• MATERIAL FOR THIS EXERCISE:
######

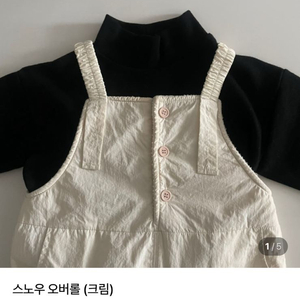 하하키키 스노우 오버롤S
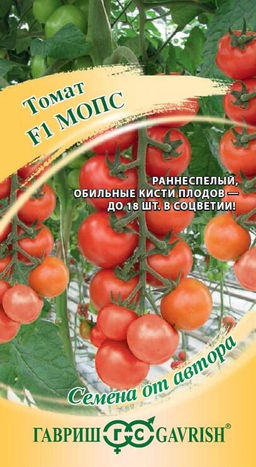 Мопс F1 томат 5 шт (г)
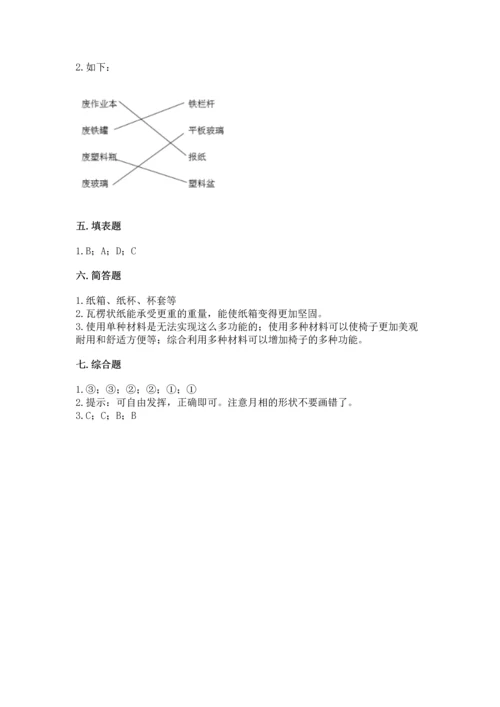 教科版科学二年级上册《期末测试卷》含答案（夺分金卷）.docx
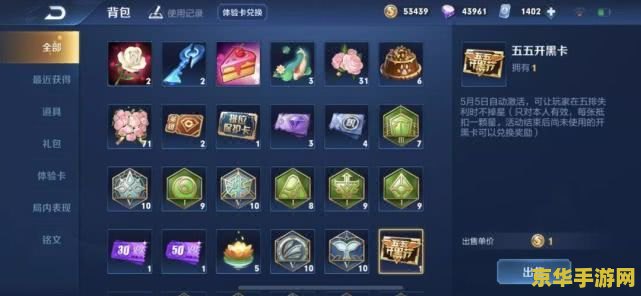 五五开黑节排位掉星吗？
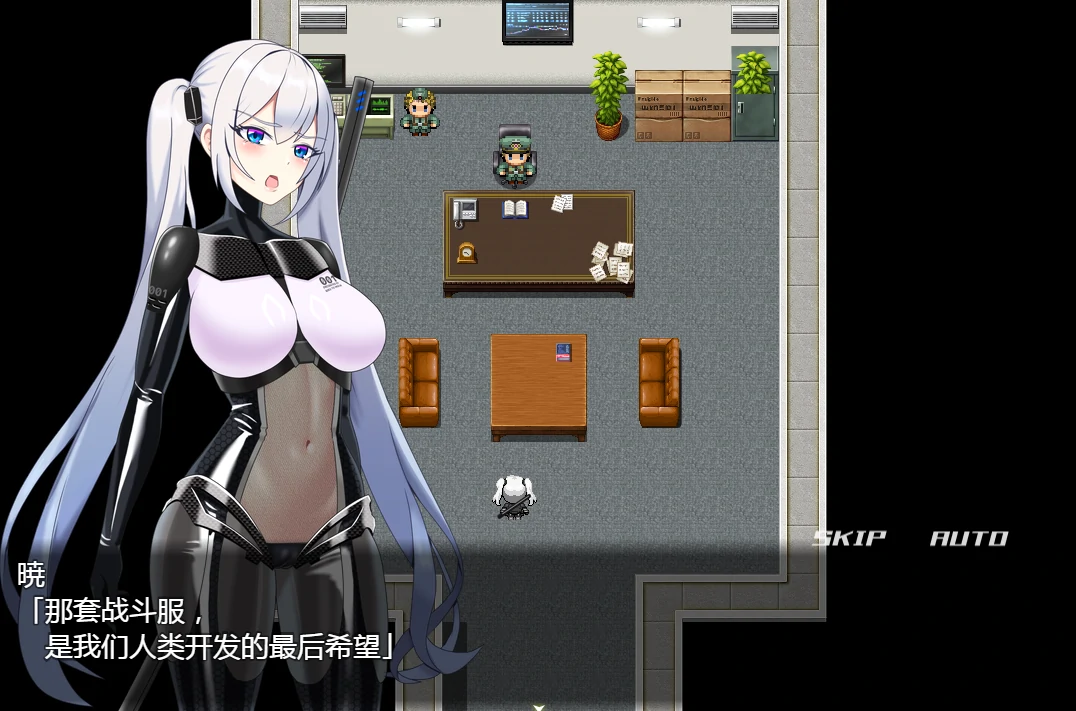 图片[6]-安卓+电脑【RPG+作弊】爱丽丝传说-小强游戏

######

For this exercise, print all of the entries exactly as they appear, but without pictures.

• ANSWER TO THIS PROBLEM:
 하하키키 스노우 오버롤S
 Мопс F1 томат 5 шт (г)
 教科版科学二年级上册《期末测试卷》含答案（夺分金卷）.docx
 五五开黑节排位掉星吗？
 图片[6]-安卓+电脑【RPG+作弊】爱丽丝传说-小强游戏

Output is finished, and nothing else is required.